Pentagon seeks non-lethal crowd device
WASHINGTON (AP) – The U.S. military is exploring ways to use drugs such as Valium to calm people without killing them during riots or other crowd-control situations where lethal weapons are inappropriate. Some critics say the effort violates international treaties and federal laws against chemical weapons, an allegation the military denies.
“It’s a rotten idea to drug rioters,” said Edward Hammond of the Sunshine Project, a chemical and biological weapons watchdog group that is the program’s chief critic. “Beyond being a horrible idea, it’s illegal.”
The Pentagon has long tried to develop non-lethal weapons that would incapacitate or repel people with little risk of killing them. The effort intensified in the 1990s after hostile mobs confronted U.S. troops during peacekeeping and humanitarian missions in places like Somalia, Bosnia and Haiti.
Officials in the military’s Joint Non-Lethal Weapons Directorate began discussing whether it would be possible to develop drugs for use as “calmatives,” or chemical peacemakers. Those discussions continued at a seminar with British military officials in 2000, according to a joint report on the meeting.

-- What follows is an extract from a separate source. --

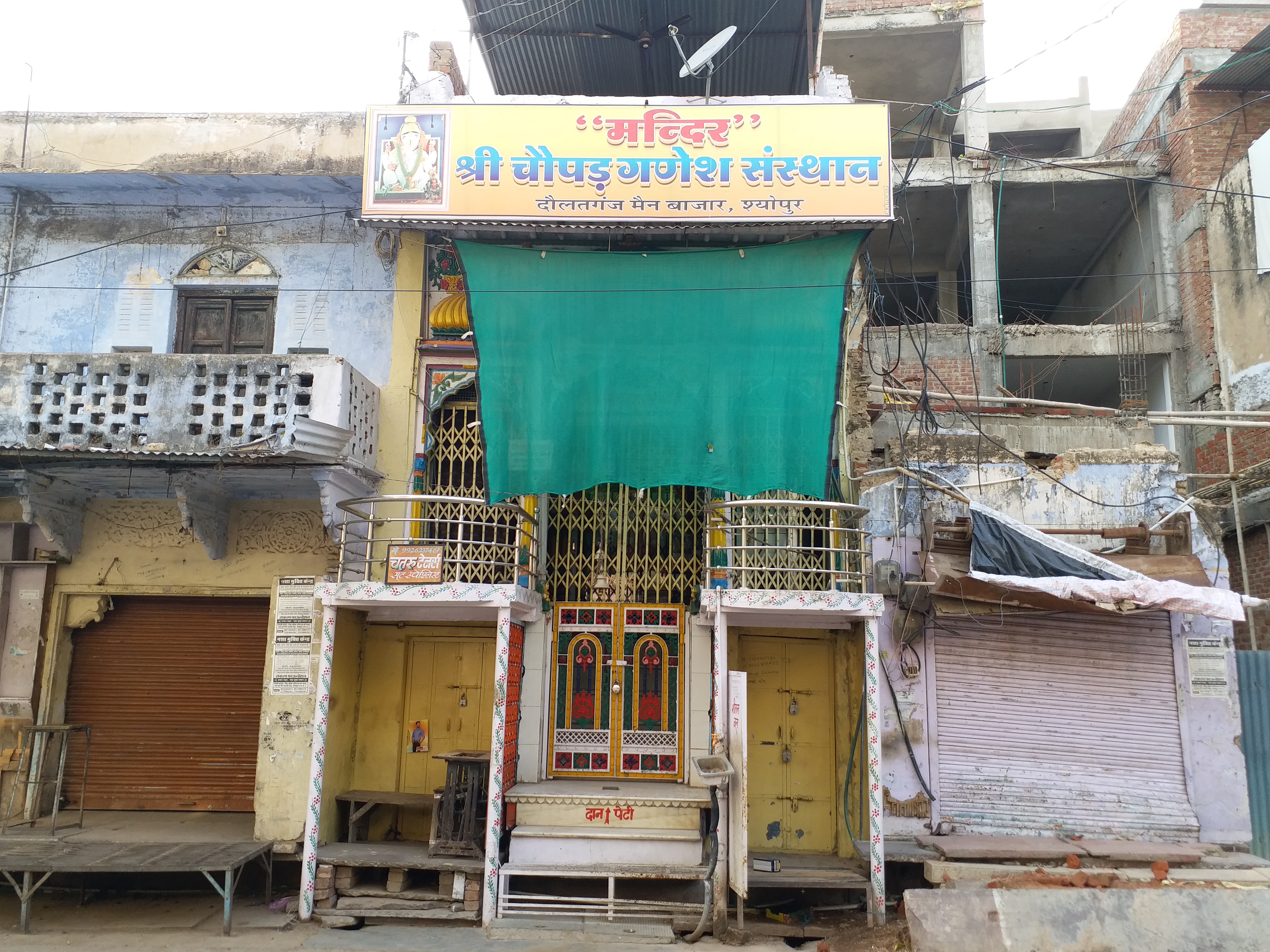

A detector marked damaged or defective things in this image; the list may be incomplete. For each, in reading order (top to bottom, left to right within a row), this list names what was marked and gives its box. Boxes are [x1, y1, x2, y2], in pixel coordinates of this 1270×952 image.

“During war game scenarios, numerous participants expressed the desire to have a NLW (non-lethal weapon) that could quickly incapacitate individuals with little or no aftereffects,” the report said.
Researchers at a Pentagon-funded institute at Pennsylvania State University prepared a 50-page report that year saying that developing calmative weapons “is achievable and desirable” and suggesting drugs like Valium for further research.
One hurdle for using such drugs for riot control, the researchers wrote, is finding a way to deliver the substances to large groups, such as in a spray or mist. Another problem would be figuring out how to prevent other injuries, such as by people falling down if they are knocked unconscious, the researchers wrote.
That’s as far as the military went, spokesmen for Pennsylvania State and the military said. University spokeswoman Vicki Fong said the researchers initiated the study themselves, not under a request from the military.
“We decided to step back and make sure the use of calmatives would not violate the Chemical Weapons Convention,” said Marine Capt. Shawn Turner, a spokesman for the Joint Non-Lethal Weapons Directorate. “There are still questions, and until those are worked out, we’re not going to put any funding into it.”
Hammond said the research itself may have violated the anti-chemical weapons treaty and any use of calmatives would be illegal.
“If the U.S. is going to denounce countries around the world for violating chemical and biological arms control treaties, it better make sure its own house is in order first,” said Hammond, whose group obtained the Pennsylvania State study and hundreds of pages of other non-lethal weapons documents under the Freedom of Information Act.
The chemical weapons treaty allows military and police forces to use riot control agents, such as tear gas and pepper spray, that produce temporary irritation. The treaty bans use of chemicals that incapacitate people, however.
The report of the U.S.-British meeting said the American participants agreed that research into calmatives “must be conducted in a manner consistent with our obligations under international law, including the law of war.”